I detailed how to write a basic pseudo-spectral solver in 2D in python in my previous post. In this one, I will talk about how to make it faster using [Numba] and [pyfftw].
As can be seen in my speed benchmark for matrix multiplication, numba is indeed very fast.
Using numba an pyfftw
Using numba and pyfftw allows us to
- Combine the ffts into what fftw calls many dft’s using its advanced interface.
- Use multithreading both for fft’s and for vector matrix multiplication/addition operations.
I will discuss only the major differences to the previous formulation instead of going over everything again. You can check the full source code if you want to see how it all fits together.
In order to use numba and pyfftw we add the following lines to the imports
from numba import njit,prange,set_num_threads
import pyfftw as pyfw
nthreads=16
set_num_threads(nthreads)
zeros=pyfw.empty_aligned
Note that we use pyfw.empty_aligned instead of np.zeros as the initialization routine for all the arrays. This makes the arrays properly aligned for fast fourier transforms.
When initializing the vectors and matrices, we can add the following lines
datk=zeros((4,Npx,int(Npy/2+1)),dtype=complex)
dat=datk.view(dtype=float)[:,:,:-2]
rdatk=datk[0,:,:]
rdat=rdatk.view(dtype=float)[:,:-2]
#Initializing pyfftw plans
fftw_dat4b = pyfw.FFTW(datk, dat, axes=(-2, -1),direction='FFTW_BACKWARD',normalise_idft=True,threads=nthreads)
fftw_dat1f = pyfw.FFTW(rdat,rdatk,axes=(-2, -1),direction='FFTW_FORWARD',normalise_idft=True,threads=nthreads)
Using views of the same array as above, allows us to perform in-place many c2r (complex to real) or r2c tranforms at once. Obviously, the in-place transform will overwrite the input array.
We also need three separate functions that we will write in numba in order to accelerate the RHS function.
As discussed earlier the workflow of the RHS function consists of:
- Initialize the 4 components of the datk array as \(\big[i k_x \Phi _k, i k_y \Phi _k, -i k_x k^2\Phi _k, -i k_y k^2 \Phi _k\big]\) with padding.
- Compute inverse Fourier transforms to obtain the dat array, as \(\big[\partial_x \Phi, \partial_y \Phi, \partial_x \nabla^2 \Phi, \partial_y \nabla^2\Phi\big]\).
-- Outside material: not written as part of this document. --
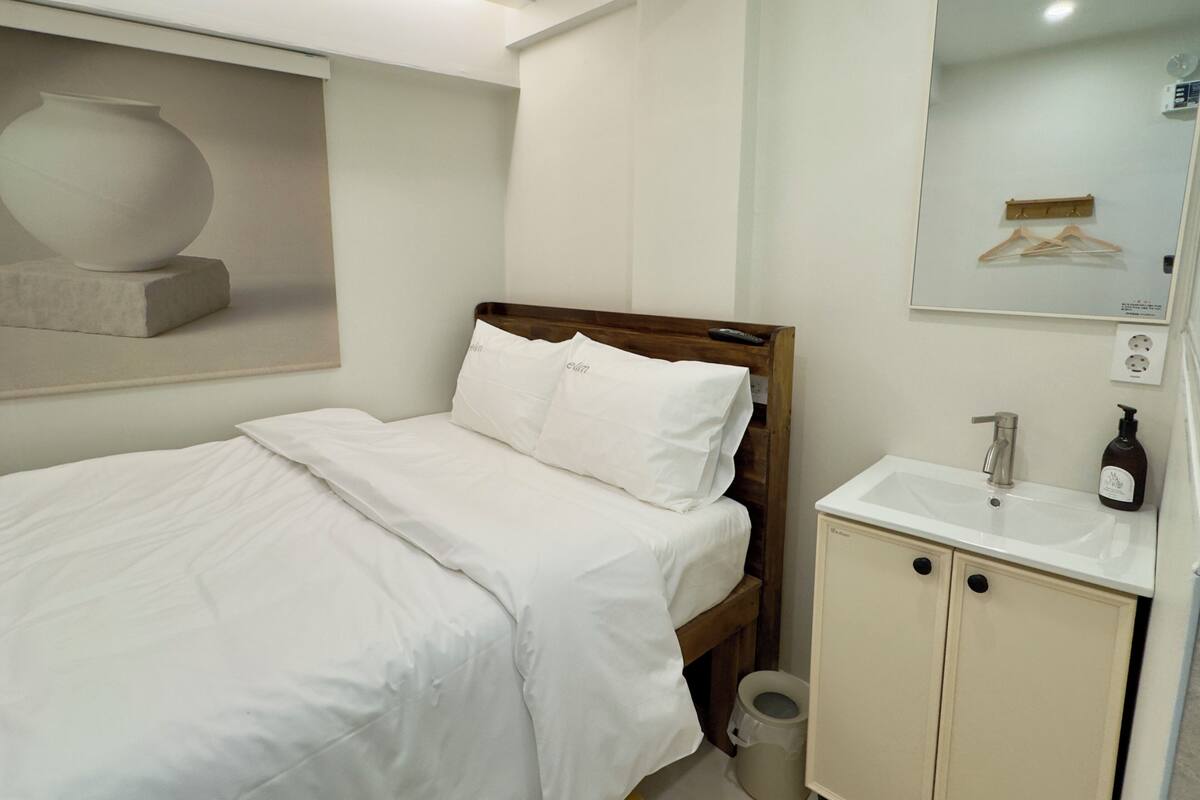 A hotel room with a bed, a wooden headboard, a white bedside table, a mirror, and a small sink.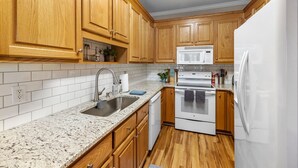 A kitchen with wooden cabinets, a granite countertop, a white refrigerator, a microwave, an oven, and a sink. - Near downtown Cary & RDU. Easy access to Raleigh, Durham and local venues. (Cary)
- Multiply the components of the dat matrix in order to form the convolution as the rdat matrix \(\partial_x\Phi\partial_y\nabla^2\Phi-\partial_y\Phi\partial_x\nabla^2\Phi\)
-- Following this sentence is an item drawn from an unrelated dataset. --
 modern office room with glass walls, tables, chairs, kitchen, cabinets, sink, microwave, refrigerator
- Compute the forward Fourier transform of the rdat to get rdatk, which is the nonlinear term without the additional 1/ksqr.
- multiply and add everything together:
- uk multiplied by Lnm representing the linear terms in the equation
- rdatk multiplied by Nlm representing the nonlinear terms
- Fnm representing forcing.
We can define a numba function that performs the first step as follows
#numba function that initializes the convolution arrays
@njit(fastmath=True,parallel=True)
def setdatk(v,d,kx,ky,ksqr):
for i in prange(v.shape[0]):
ip=i+int(2*i/v.shape[0])*(d.shape[1]-v.shape[0])
for j in prange(v.shape[1]):
d[0,ip,j]=1j*kx[i,j]*v[i,j]
d[1,ip,j]=1j*ky[i,j]*v[i,j]
d[2,ip,j]=-1j*kx[i,j]*ksqr[i,j]*v[i,j]
d[3,ip,j]=-1j*ky[i,j]*ksqr[i,j]*v[i,j]
The third step, can be done using a convolution multiplier function, written in numba as
#numba convolution multiplier function
@njit(fastmath=True,parallel=True)
def multconv(d,rd):
for i in prange(rd.shape[0]):
for j in prange(rd.shape[1]):
rd[i,j]=d[0,i,j]*d[3,i,j]-d[1,i,j]*d[2,i,j]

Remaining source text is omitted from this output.